PhD candidate, The New School for Social Research
Expected completion: Spring 2014
Curriculum Vitae (PDF)
"To Pay or to Protest: Consent and Resistance to Social Housing Debt in Chile"
Areas of Expertise
Political Sociology, Urban and Labor Movements, Class and Inequality, Social Theory.
My research focuses on how political and class subjectivities are produced and how these subjectivities relate to political and economic action that reproduces or challenges inequality, especially (but not only) in Latin America. I use qualitative, historical, and qualitative methods to address these questions.
My dissertation is an ethnography of low-income housing debtors in Chile, some of whom have sustained a six-year mortgage strike demanding that the state cancel their debt, while others continue to pay in spite of a moratorium on foreclosures. I explain how debtors’ motivations to consent or resist debt payment are produced in their lived experience by comparing debtors with different behaviors in a similar situation in a Santiago housing development. I analyze how debtors negotiate meanings with the state, banks, and social movement organizations in various processes: the politicization of debt, making sense of misinformation and counter-information, maintaining or changing expectations, and normalizing or breaking the normalization of debt payment. I also discuss some challenges faced by debtors’ organizations: first, in relying on true and false incentives for members only, rather than on solidarity, to motivate participation; second, in pushing the movement to broaden the demands and embrace class-struggle politics in a context of scarce resources and pervasive political clientelism. I conclude with a “meso-cultural and motivated reasoning” explanation of consent and resistance: people do what they consider in their own interests, but the factual beliefs, expectations, emotions, justifications, and apparent choices change with group-level “meso cultures” and efforts to validate interpretations that provide hopes and feelings of agency—of course, affected by macro-level factors such as “macro culture” and material inducements by the state. Much of the state’s, SMOs’, and individuals’ agency lies in changing these group-level “meso cultures” and people's motivations for reaching certain conclusions in their reasoning.

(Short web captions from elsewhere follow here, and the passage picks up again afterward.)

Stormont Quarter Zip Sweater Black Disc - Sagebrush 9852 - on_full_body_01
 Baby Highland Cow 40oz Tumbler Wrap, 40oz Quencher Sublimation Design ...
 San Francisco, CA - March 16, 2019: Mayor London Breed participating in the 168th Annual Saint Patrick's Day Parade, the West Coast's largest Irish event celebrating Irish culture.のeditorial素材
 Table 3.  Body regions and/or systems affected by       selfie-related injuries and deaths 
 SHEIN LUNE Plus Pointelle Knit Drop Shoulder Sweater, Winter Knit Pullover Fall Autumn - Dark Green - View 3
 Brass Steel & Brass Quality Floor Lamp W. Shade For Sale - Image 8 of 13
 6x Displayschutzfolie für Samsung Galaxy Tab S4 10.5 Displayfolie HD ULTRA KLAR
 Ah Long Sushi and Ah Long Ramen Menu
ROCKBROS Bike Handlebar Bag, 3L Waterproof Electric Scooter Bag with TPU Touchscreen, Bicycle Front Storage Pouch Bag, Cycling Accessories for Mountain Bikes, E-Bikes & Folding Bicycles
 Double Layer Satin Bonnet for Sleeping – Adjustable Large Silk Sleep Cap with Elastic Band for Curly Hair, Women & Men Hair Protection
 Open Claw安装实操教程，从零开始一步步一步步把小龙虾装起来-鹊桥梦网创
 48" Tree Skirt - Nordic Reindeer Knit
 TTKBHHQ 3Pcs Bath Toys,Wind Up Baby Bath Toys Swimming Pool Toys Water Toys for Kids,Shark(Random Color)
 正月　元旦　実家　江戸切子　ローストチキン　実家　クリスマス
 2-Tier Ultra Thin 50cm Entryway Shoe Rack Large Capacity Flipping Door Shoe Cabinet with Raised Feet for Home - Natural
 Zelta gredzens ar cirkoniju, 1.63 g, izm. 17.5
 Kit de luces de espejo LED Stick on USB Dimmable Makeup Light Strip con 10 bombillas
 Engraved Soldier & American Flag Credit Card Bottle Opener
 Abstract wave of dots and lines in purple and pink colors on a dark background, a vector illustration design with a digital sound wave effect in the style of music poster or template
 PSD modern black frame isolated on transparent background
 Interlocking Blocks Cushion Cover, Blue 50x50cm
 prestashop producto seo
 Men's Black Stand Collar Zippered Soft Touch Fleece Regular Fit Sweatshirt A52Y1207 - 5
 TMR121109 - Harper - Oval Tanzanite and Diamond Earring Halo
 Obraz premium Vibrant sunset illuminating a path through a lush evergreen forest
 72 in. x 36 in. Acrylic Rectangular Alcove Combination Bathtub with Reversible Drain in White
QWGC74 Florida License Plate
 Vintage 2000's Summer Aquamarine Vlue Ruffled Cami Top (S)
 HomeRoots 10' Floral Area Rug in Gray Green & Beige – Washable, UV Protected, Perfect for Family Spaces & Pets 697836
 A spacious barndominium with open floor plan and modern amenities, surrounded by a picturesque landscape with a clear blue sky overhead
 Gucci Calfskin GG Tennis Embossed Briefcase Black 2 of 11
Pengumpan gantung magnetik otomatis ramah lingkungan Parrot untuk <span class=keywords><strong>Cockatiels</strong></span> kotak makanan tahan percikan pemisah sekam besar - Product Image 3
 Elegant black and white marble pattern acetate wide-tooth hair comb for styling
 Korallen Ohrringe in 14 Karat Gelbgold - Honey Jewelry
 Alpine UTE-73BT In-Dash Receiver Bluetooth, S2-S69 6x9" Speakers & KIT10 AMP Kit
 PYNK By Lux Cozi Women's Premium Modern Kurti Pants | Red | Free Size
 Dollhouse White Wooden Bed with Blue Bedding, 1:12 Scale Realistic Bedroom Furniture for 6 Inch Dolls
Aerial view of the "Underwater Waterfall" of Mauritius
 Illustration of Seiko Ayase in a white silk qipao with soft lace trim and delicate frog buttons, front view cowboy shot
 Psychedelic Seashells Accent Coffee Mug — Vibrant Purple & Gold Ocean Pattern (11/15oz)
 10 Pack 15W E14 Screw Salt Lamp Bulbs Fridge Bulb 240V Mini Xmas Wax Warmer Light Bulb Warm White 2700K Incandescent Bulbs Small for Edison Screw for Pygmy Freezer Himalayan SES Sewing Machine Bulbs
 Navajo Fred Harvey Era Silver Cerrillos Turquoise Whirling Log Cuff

Lecturer: “Political Sociology,” CUNY Hunter College, Sociology Department (Fall 2010); “Models of Conflict Mediation” and “Clinical Practice in Social Conflict Mediation,” Universidad de Chile, Sociology Department, Diploma in Social Conflict Mediation (Winter 2005-Summer 2006); “Leadership Styles, Participation, and Democracy in Social Organizations.” Universidad Academia de Humanismo Cristiano and Programa de Economía del Trabajo, Diploma in Formation of Local Development Leaders (Spring 2004).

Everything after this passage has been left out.